Brief: Across the material below, say how many lines contain the string "logo", and add no other words.

### Given information

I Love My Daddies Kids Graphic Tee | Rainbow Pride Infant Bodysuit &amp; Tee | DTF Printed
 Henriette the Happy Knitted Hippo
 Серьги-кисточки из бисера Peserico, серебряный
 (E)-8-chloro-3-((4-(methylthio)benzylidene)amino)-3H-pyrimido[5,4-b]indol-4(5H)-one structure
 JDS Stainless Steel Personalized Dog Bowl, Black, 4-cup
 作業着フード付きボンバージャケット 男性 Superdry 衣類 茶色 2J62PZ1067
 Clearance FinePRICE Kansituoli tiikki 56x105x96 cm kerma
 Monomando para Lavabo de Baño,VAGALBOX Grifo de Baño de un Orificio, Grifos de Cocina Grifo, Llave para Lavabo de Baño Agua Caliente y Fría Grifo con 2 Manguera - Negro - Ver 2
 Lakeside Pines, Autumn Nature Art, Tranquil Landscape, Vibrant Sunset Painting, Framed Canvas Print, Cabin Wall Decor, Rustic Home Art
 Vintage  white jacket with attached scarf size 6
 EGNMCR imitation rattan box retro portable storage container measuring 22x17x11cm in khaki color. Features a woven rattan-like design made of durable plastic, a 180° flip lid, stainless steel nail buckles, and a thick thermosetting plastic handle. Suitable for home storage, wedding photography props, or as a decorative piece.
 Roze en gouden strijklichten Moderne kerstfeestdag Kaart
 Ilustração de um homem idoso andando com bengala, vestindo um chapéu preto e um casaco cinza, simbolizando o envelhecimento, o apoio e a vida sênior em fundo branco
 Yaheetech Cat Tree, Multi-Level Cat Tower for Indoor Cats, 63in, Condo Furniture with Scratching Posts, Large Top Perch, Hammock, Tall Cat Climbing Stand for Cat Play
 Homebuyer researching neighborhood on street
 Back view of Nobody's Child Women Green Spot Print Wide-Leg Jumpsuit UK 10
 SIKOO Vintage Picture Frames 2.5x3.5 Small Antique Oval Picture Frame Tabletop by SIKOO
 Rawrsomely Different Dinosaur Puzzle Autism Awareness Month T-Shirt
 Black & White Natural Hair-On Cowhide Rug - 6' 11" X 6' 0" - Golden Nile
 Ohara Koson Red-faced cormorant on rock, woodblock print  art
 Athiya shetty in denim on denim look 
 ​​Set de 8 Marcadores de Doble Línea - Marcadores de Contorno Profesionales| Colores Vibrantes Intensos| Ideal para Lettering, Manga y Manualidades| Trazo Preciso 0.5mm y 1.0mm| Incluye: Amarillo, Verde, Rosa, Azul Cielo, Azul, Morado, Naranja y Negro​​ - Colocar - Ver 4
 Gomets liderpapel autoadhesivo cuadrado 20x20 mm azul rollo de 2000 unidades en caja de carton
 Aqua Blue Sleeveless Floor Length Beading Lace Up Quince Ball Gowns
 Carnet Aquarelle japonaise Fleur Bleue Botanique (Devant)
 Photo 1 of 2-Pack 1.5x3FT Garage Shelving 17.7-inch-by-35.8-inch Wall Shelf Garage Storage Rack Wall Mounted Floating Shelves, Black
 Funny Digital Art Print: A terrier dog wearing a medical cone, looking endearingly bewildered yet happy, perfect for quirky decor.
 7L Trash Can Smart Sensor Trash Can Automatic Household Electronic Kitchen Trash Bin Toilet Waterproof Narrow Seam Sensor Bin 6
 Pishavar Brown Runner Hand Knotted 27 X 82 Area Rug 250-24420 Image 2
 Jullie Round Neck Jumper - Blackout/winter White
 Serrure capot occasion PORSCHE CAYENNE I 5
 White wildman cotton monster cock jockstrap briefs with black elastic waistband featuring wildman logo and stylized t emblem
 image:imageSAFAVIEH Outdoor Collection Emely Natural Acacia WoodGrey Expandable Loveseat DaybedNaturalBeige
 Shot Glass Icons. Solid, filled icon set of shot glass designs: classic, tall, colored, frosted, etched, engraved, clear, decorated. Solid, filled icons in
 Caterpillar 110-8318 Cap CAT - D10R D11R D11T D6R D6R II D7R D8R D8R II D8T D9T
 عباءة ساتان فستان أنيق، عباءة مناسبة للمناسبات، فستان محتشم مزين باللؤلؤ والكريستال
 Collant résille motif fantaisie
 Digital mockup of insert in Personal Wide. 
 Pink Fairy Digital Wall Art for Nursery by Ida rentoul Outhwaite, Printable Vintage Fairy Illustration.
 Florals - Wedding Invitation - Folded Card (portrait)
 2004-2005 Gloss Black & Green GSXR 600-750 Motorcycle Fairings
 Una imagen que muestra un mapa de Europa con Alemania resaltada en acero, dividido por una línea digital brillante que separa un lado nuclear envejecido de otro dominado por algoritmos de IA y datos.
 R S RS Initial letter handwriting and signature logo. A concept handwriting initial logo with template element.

######

Answer section: 2